◆ **Your goal**
Output each line of the listing exactly, though pictures are not to appear.

━━━ Source data

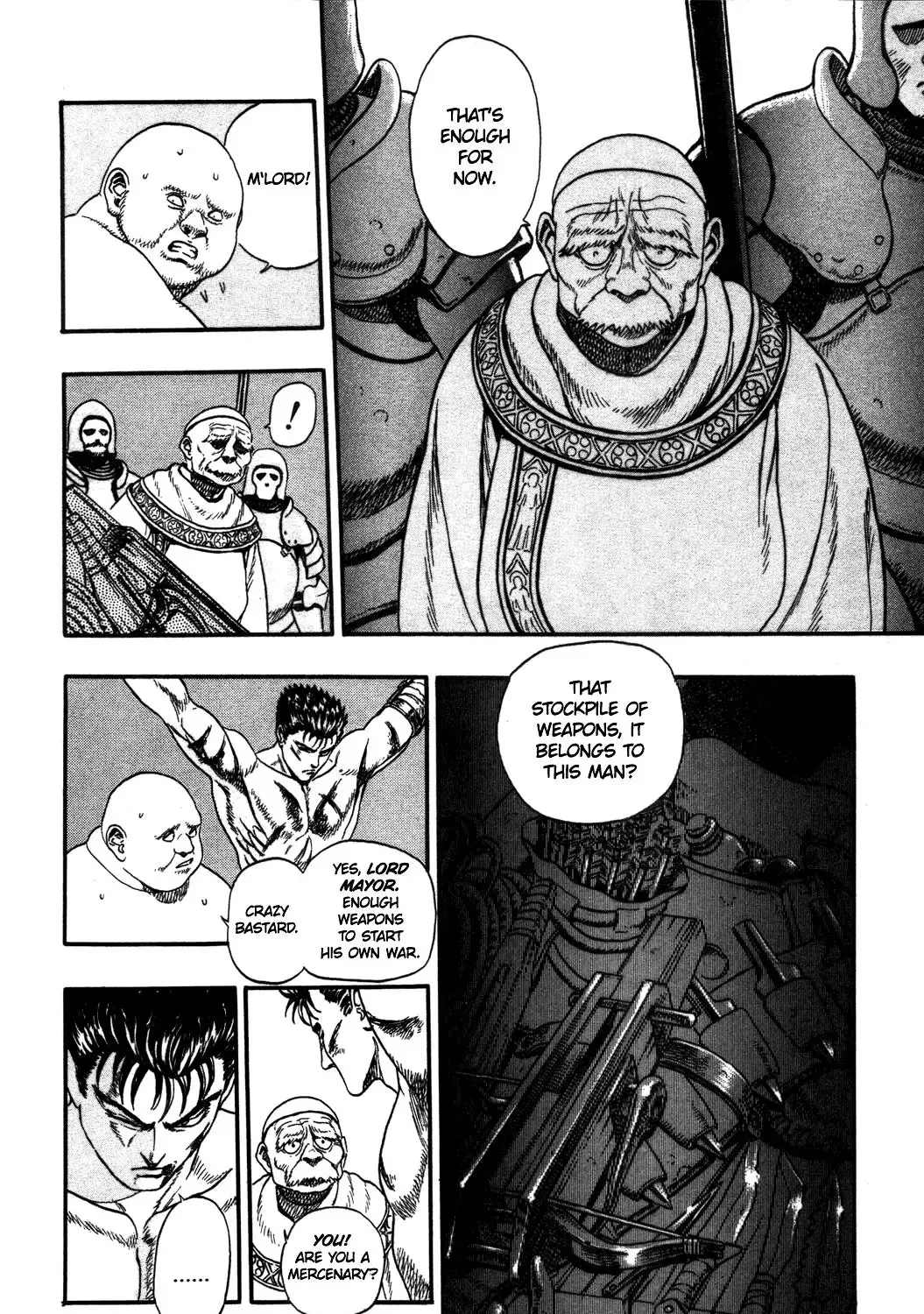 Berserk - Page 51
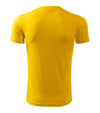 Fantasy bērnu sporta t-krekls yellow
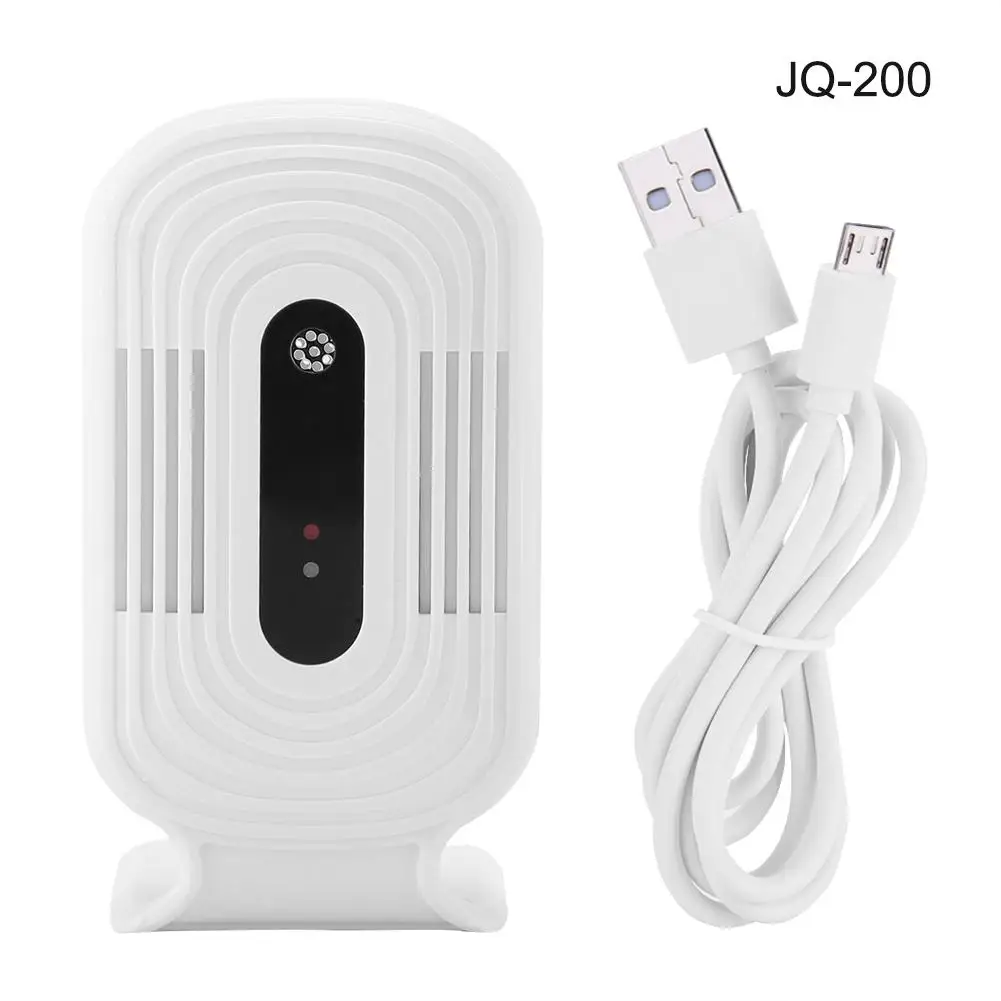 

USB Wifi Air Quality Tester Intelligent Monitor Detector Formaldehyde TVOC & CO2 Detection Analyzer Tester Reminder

━━━━━━

◆ **Written response**
 Berserk - Page 51
 Fantasy bērnu sporta t-krekls yellow

USB Wifi Air Quality Tester Intelligent Monitor Detector Formaldehyde TVOC & CO2 Detection Analyzer Tester Reminder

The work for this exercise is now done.